20th century American politician

Mary Louise "Mary Lou" Munts ( Rogers; August 21, 1924 – December 22, 2013) was an American lawyer, economist, and Democratic politician from Madison, Wisconsin. She served 12 years in the Wisconsin State Assembly, representing Madison's south side.

==Biography==

Born in Chicago, Illinois, Munts graduated from Swarthmore College. She received her master's degree in economics from the University of Chicago and then her law degree from the University of Wisconsin Law School. From 1973 until 1985, Munts served in the Wisconsin State Assembly from Madison, Wisconsin. Munts was instrumental in securing the passage of Wisconsin's Marital Property Act (1986).

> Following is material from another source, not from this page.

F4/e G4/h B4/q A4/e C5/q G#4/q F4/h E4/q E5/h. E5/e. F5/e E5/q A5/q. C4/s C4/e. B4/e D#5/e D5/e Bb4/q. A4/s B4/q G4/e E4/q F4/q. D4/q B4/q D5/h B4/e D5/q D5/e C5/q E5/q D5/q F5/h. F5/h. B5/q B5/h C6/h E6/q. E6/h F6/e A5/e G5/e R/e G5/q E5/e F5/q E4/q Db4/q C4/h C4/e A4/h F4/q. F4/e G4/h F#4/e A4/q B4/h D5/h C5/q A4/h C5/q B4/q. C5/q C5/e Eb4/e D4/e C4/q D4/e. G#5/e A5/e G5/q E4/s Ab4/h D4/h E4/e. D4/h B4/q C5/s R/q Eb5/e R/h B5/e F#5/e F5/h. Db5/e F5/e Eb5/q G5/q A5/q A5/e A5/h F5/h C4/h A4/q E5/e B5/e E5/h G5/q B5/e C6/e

In 1983m Munts became the Co-Chair of the Wisconsin Legislature's very powerful Joint Committee on Finance—the first woman to achieve that status. She retired from the Wisconsin Assembly in 1984 after being appointed to the Wisconsin Public Service Commission. In 1992, Munts was elected to the Common Cause National Governing Board and became a member of Common Cause Wisconsin shortly thereafter.

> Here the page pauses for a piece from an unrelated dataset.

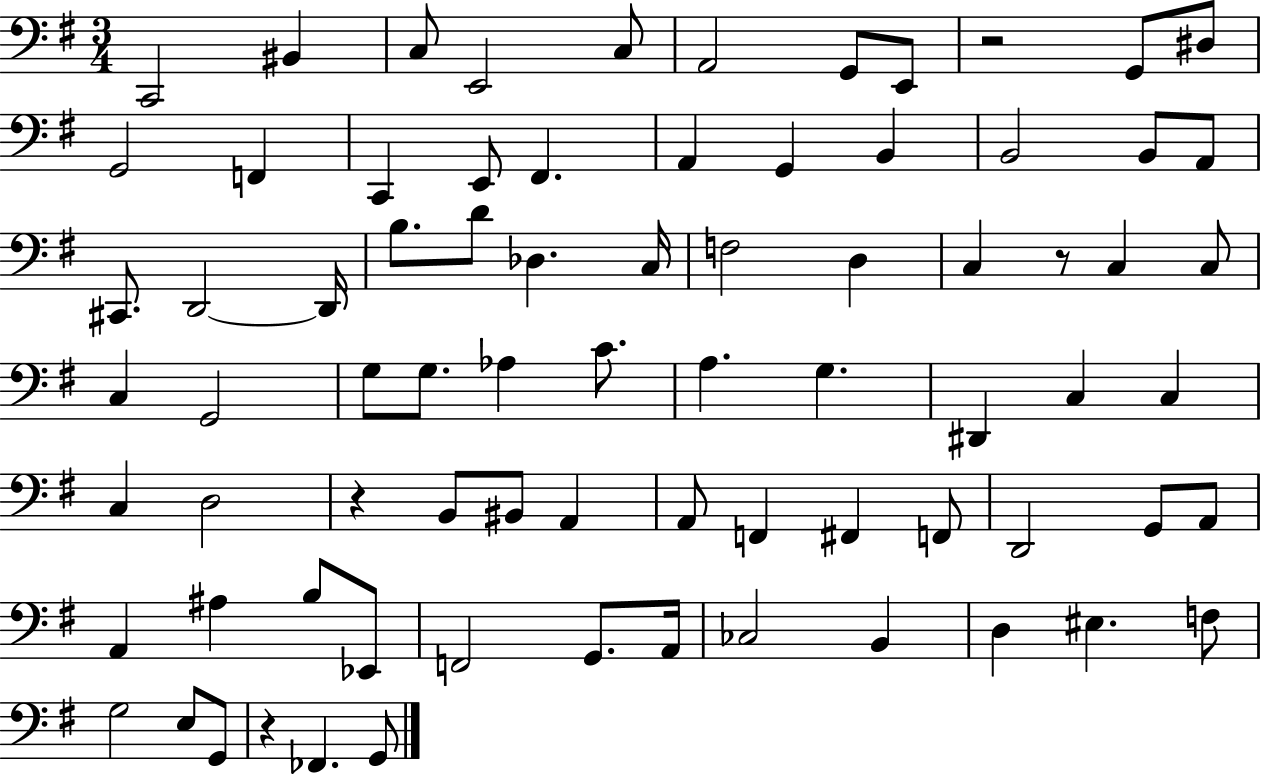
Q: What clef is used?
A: bass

In 1984, Munts was appointed to the Public Service Commission of Wisconsin By Gov. Tony Earl (1983–87) and became chairman of the commission in 1986. In 1995, Munts became the Co-Chair of Common Cause Wisconsin with former moderate Republican strategist Bill Kraus. She advocated for stronger campaign finance reform and stronger ethics legislation—including the prosecution for felony misconduct in public office of Wisconsin legislative leaders Scott Jensen (R), Chuck Chvala (D), Brian Burke(D), and Steven Foti (R) during the infamous 2001-2002 Wisconsin Legislative Caucus Scandal. She retired from the CC/WI Board in 2005. Mary Lou Munts is remembered as one of the most effective and admired Dane County state legislators and public figures. And, as Co-chair of Common Cause in Wisconsin, as one of Wisconsin's leading political reform advocates. Munts died on December 22, 2013, in Kennett Square, Pennsylvania.